What you need to do. Only the lines below between the one holding "po rozvodech-5, inzerce-cz.cz" and the one holding "Foto del edificio - 177 Jolie Oaks Blvd", inclusive, are to be reproduced word for word; the pictures are to be left out.

The data.
+++
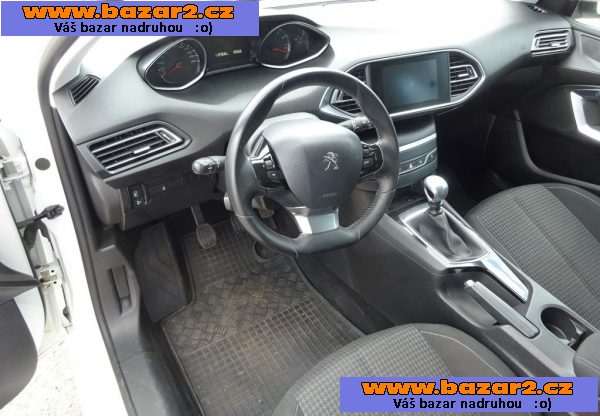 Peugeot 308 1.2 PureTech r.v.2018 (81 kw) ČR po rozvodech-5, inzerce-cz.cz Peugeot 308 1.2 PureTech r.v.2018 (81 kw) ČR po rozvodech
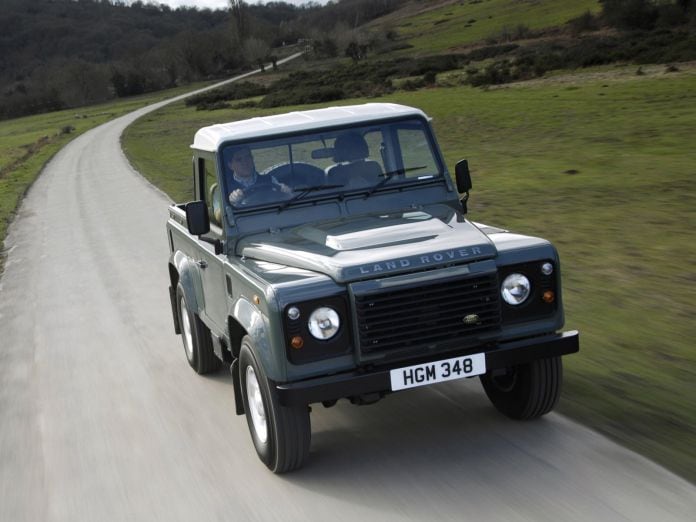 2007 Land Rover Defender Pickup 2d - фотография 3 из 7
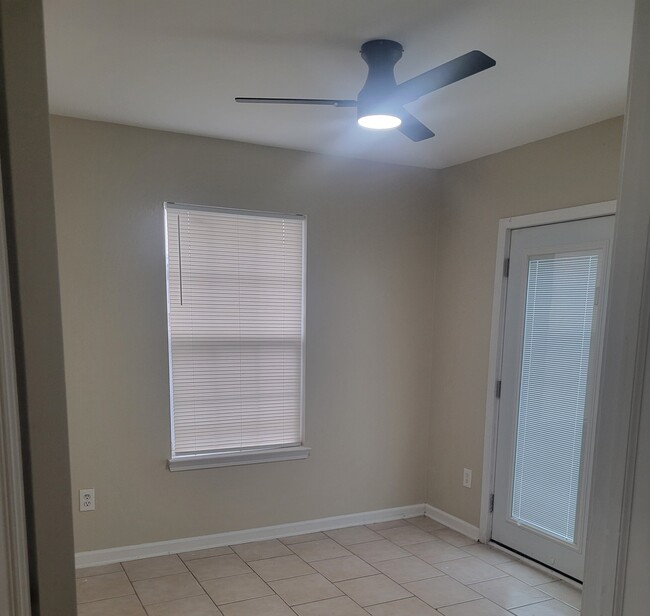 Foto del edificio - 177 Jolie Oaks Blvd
+++
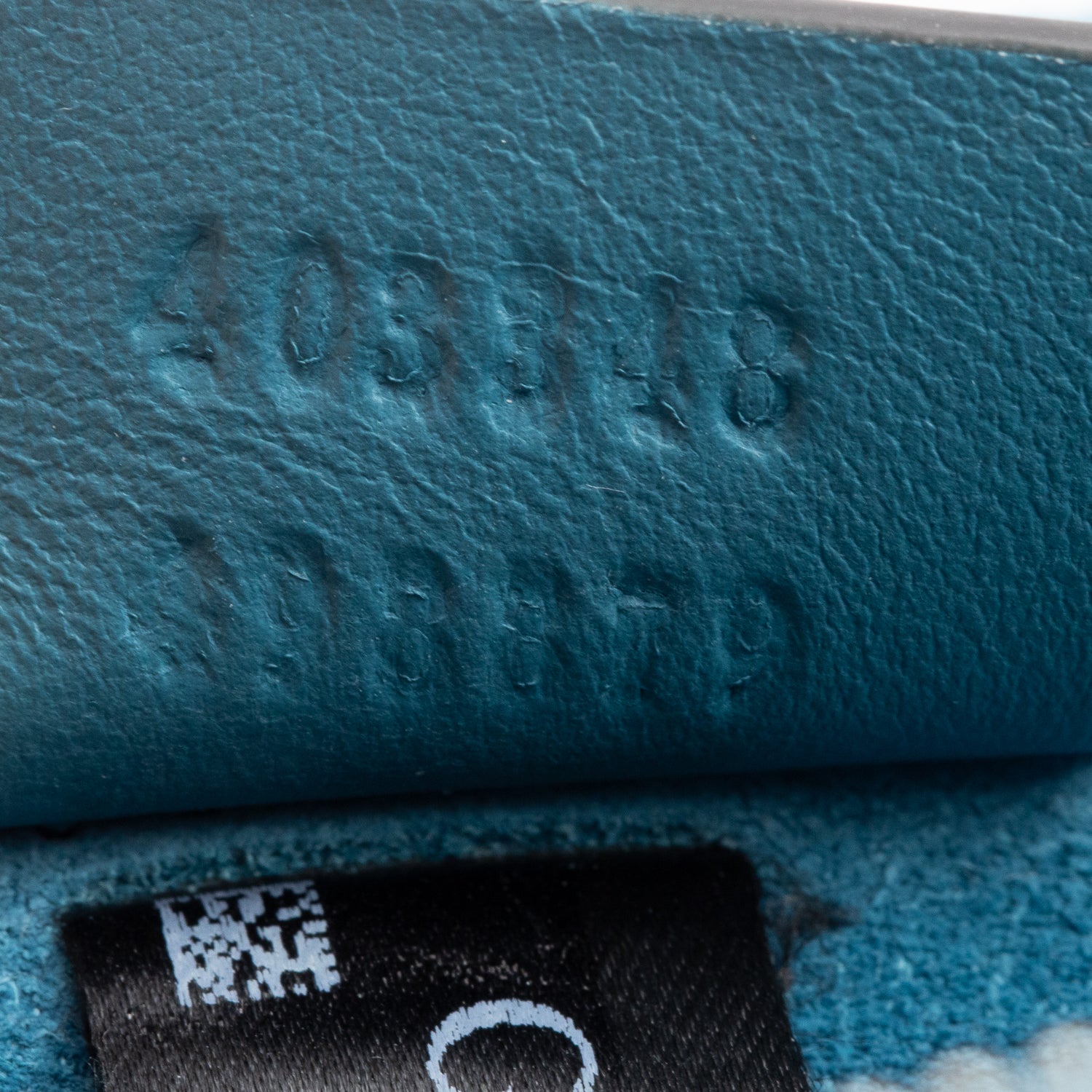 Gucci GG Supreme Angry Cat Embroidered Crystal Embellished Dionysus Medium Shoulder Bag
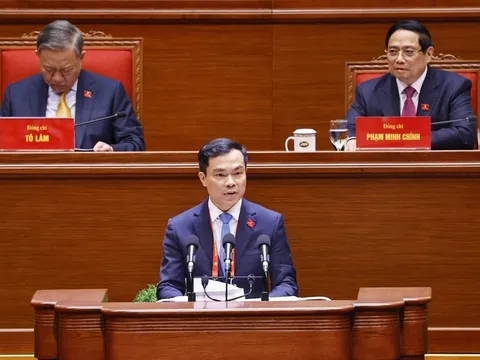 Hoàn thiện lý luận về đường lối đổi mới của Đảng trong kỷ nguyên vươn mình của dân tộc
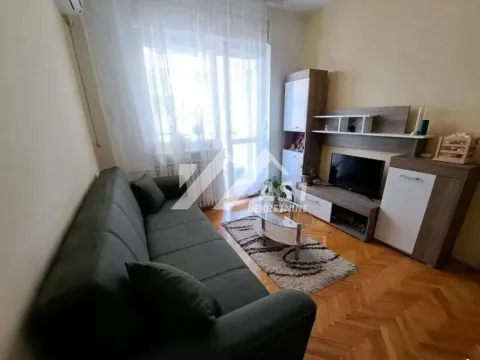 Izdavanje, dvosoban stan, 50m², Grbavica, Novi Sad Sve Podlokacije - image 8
+++
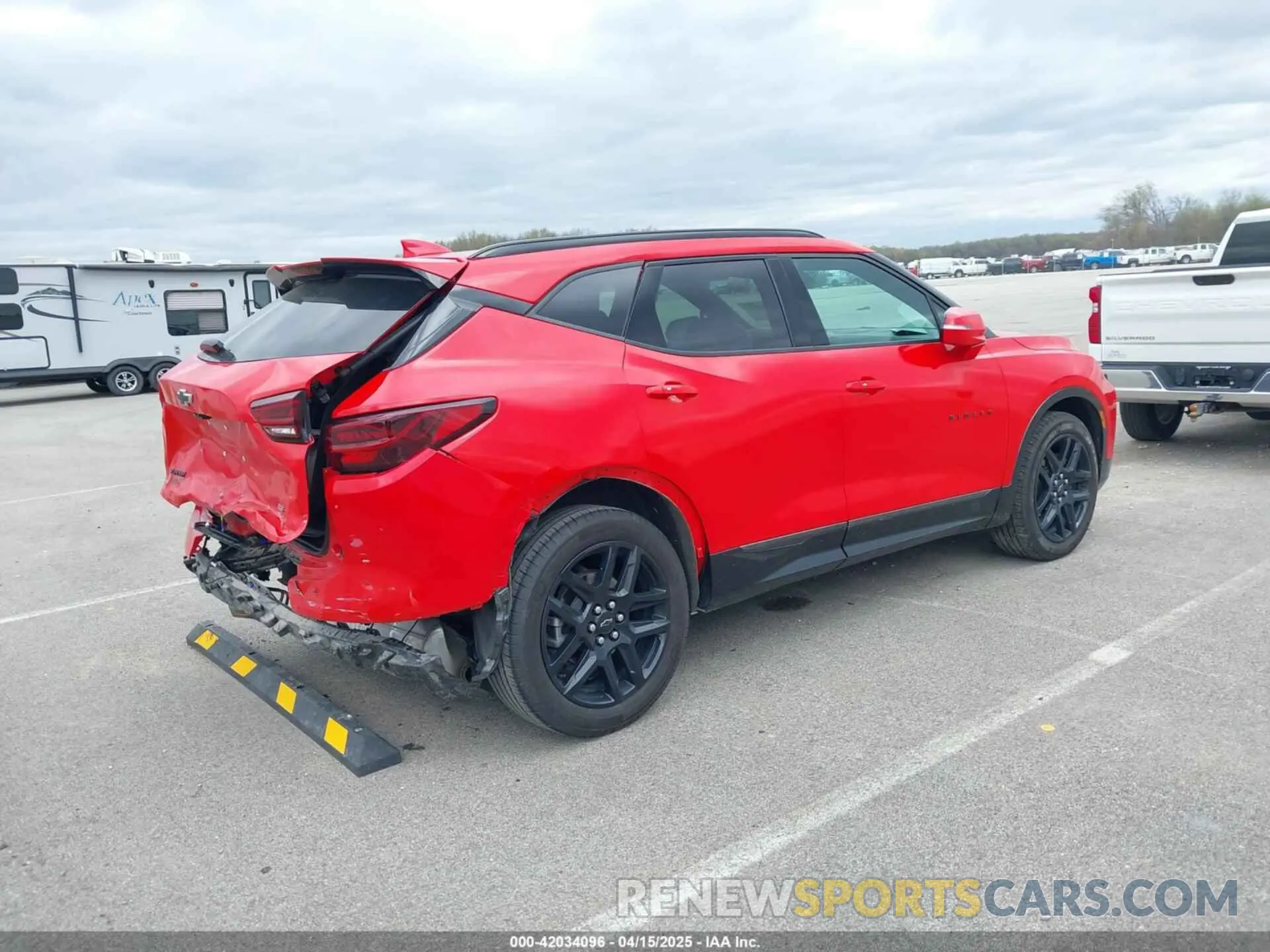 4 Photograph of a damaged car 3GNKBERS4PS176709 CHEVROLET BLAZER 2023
+++
Output below.
 Peugeot 308 1.2 PureTech r.v.2018 (81 kw) ČR po rozvodech-5, inzerce-cz.cz Peugeot 308 1.2 PureTech r.v.2018 (81 kw) ČR po rozvodech
 2007 Land Rover Defender Pickup 2d - фотография 3 из 7
 Foto del edificio - 177 Jolie Oaks Blvd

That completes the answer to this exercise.